● Task material:
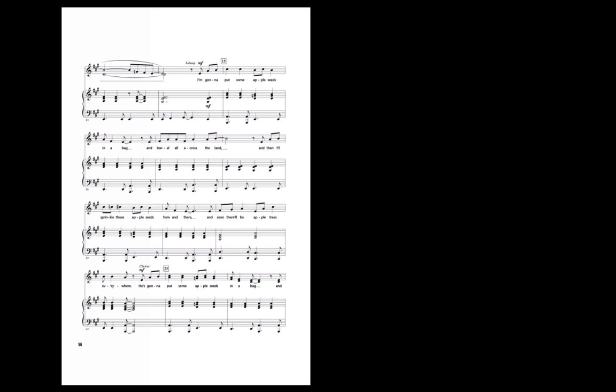I'm gonna put some apple seeds in a bag and travel all across the land. And then I'll sprinkle those apple seeds here and there, and soon there'll be apple trees everywhere. He's gonna put some apple seeds in a bag.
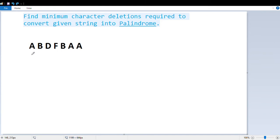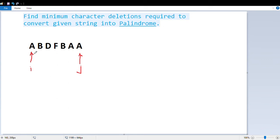The approach we are going to take is using two pointers. One pointer, i, will go from the first letter and one pointer, j, will go from the last letter. We keep incrementing i and decrementing j until j crosses i. First, we check the character at the i-th position and the j-th position. If both characters are the same, we don't have to delete anything.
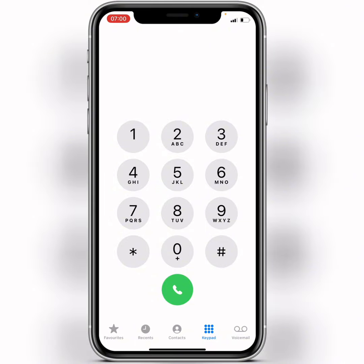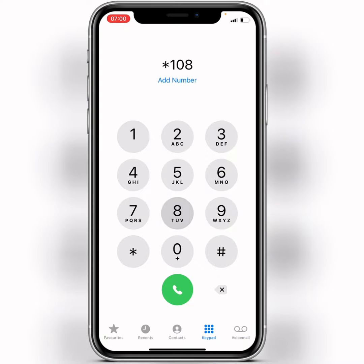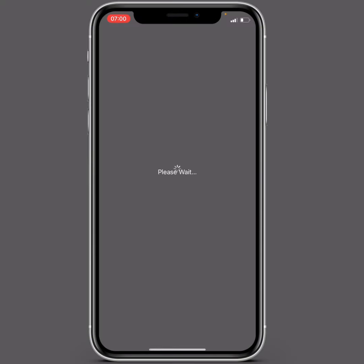What you need to do is press star one zero eight star two hash, then after that tap on the call button.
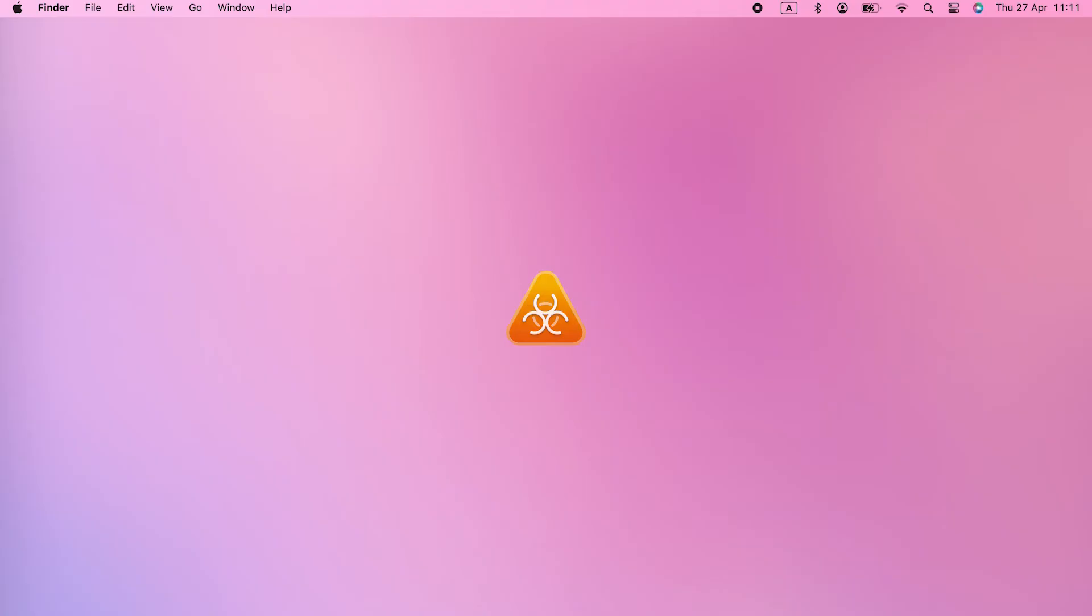It's possible that your Mac has malware on it, and that's what's causing it to randomly restart. So the next step is to check it for malware by scanning with an anti-malware tool.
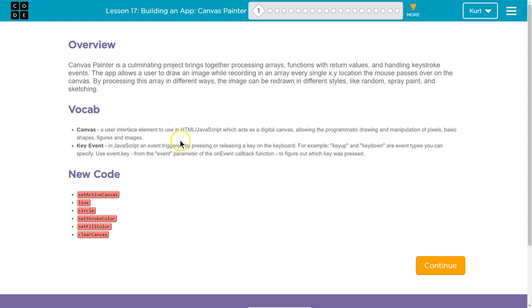Canvas is a user interface element to use. Canvas is part of JavaScript — well, it's not part of JavaScript, that was a dumb way to put it — but you can do a lot with it in JavaScript. Many of the games you'll see today on the web are partly HTML5, partly JavaScript. If you're interested in this stuff, you should Google 'JavaScript Canvas' and there's a bunch of stuff you can do. The program acts as a single canvas, allowing programmatic drawings and manipulation of pixels, basic shapes, figures, and images. You can make games with it.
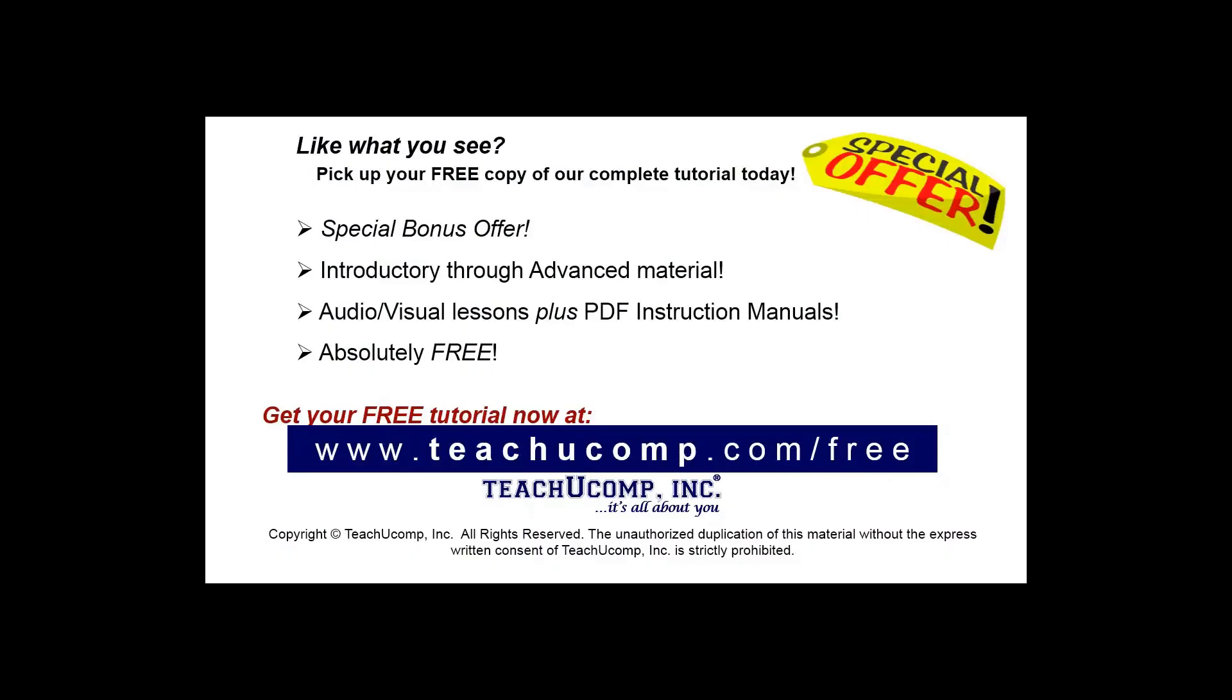Like what you see? Pick up your free copy of the complete tutorial at www.teachucomp.com/free.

● How to complete this task: Retype all entries exactly; omit pictures.

● Response:
I'm gonna put some apple seeds in a bag and travel all across the land. And then I'll sprinkle those apple seeds here and there, and soon there'll be apple trees everywhere. He's gonna put some apple seeds in a bag.
The approach we are going to take is using two pointers. One pointer, i, will go from the first letter and one pointer, j, will go from the last letter. We keep incrementing i and decrementing j until j crosses i. First, we check the character at the i-th position and the j-th position. If both characters are the same, we don't have to delete anything.
What you need to do is press star one zero eight star two hash, then after that tap on the call button.
It's possible that your Mac has malware on it, and that's what's causing it to randomly restart. So the next step is to check it for malware by scanning with an anti-malware tool.
Canvas is a user interface element to use. Canvas is part of JavaScript — well, it's not part of JavaScript, that was a dumb way to put it — but you can do a lot with it in JavaScript. Many of the games you'll see today on the web are partly HTML5, partly JavaScript. If you're interested in this stuff, you should Google 'JavaScript Canvas' and there's a bunch of stuff you can do. The program acts as a single canvas, allowing programmatic drawings and manipulation of pixels, basic shapes, figures, and images. You can make games with it.
Like what you see? Pick up your free copy of the complete tutorial at www.teachucomp.com/free.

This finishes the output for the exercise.